At 9pm on Sunday night BBC4 debuted an hour long film about the photographer Erwin Blumenfeld; it’s still available on iPlayer if you missed it. The Twitter rush for the duration of the programme and indeed the following day, should be reason enough to hit the play button, but don’t just take our word for it.
Noted by those who know his work as one of the most influential photographers of the 20th century, those unaware-of his name at least-will have no doubt witnessed the affect of Blumenfeld through the internet (be it first hand or through someone he inspired). Now Somerset House is playing home to a major exhibition of his work, the main event to BBC4’s starter if you will.

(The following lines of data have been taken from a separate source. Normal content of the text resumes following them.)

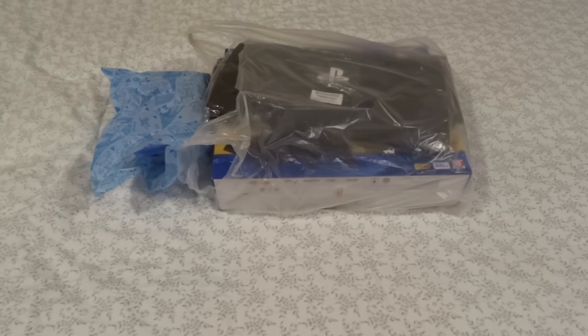Hello everyone, so today I've got an unboxing video of a PlayStation 4. This is the slim 500GB model in Jet Black.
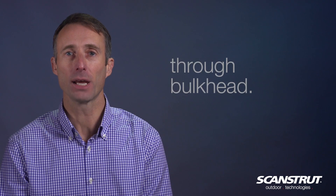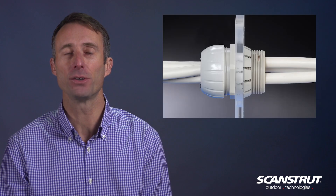The through bulkhead seal provides watertight cable routing and anchoring for up to 10 cables and will fit to any bulkhead.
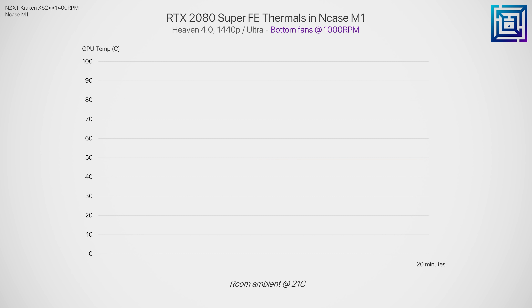GPU thermals are definitely on the warmer end — we're topping out at 81 degrees C after 20 minutes in Heaven 4.0. Dealing with air-cooled high-TDP GPUs is something we've talked about a lot on the channel. Your best solution in summary is to explore undervolting the card at the same frequency it would usually boost to. By doing this, you're pretty much guaranteed an 8 to 10 degree reduction in thermals depending on the GPU, with no performance loss.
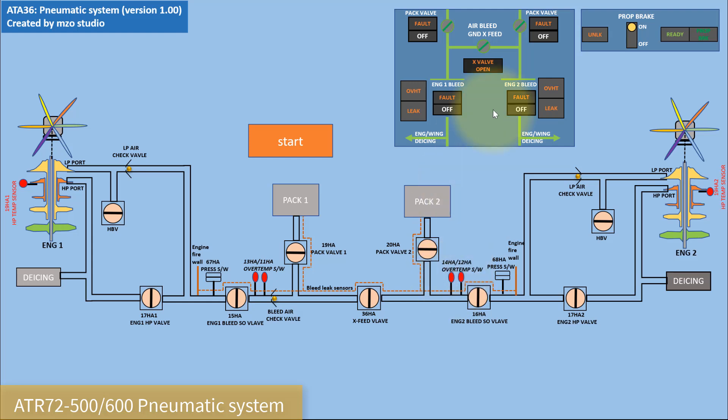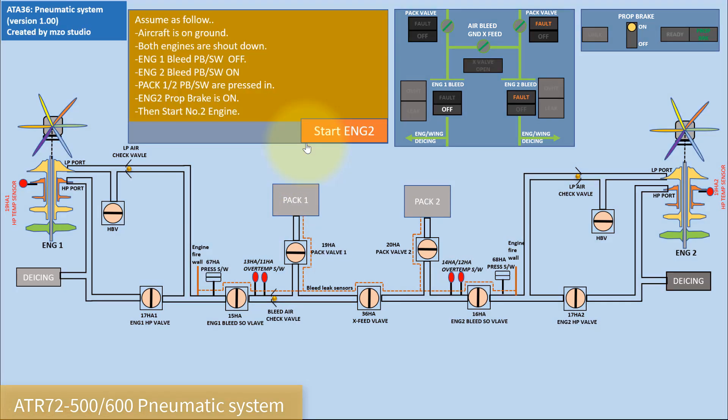We have to start the operation. Before we start, we have to assume the following: aircraft is on ground, both engines are shut down. Engine 1 bleed press button switch is off, engine 2 bleed press button switch is on. But we did not start engine 2, so the FAULT light will come on. We also press PAD 1 and PAD 2, so PAD 2 fault light comes on.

‘Blumenfeld Studio: New York 1941-1960’ opens today through to September in the East Wing Galleries and was curated by Nadia Blumenfeld, the photographer's granddaughter. Visitors will witness works from the latter part of Blumenfeld’s career spent in the city working from a Central Park studio, a time which saw him work in-house at Harper’s Bazaar before going on to freelance for Vogue and work on a series less commercial led projects.
During this time Erwin sampled a range of techniques and styles such as photomontage, solarisation and colour slides, producing work which offered a new creative tone to what was then the norm. As well as stills Blumenfeld’s time in New York saw him try his hand at making short films, a sample of which SHOWstudio now host.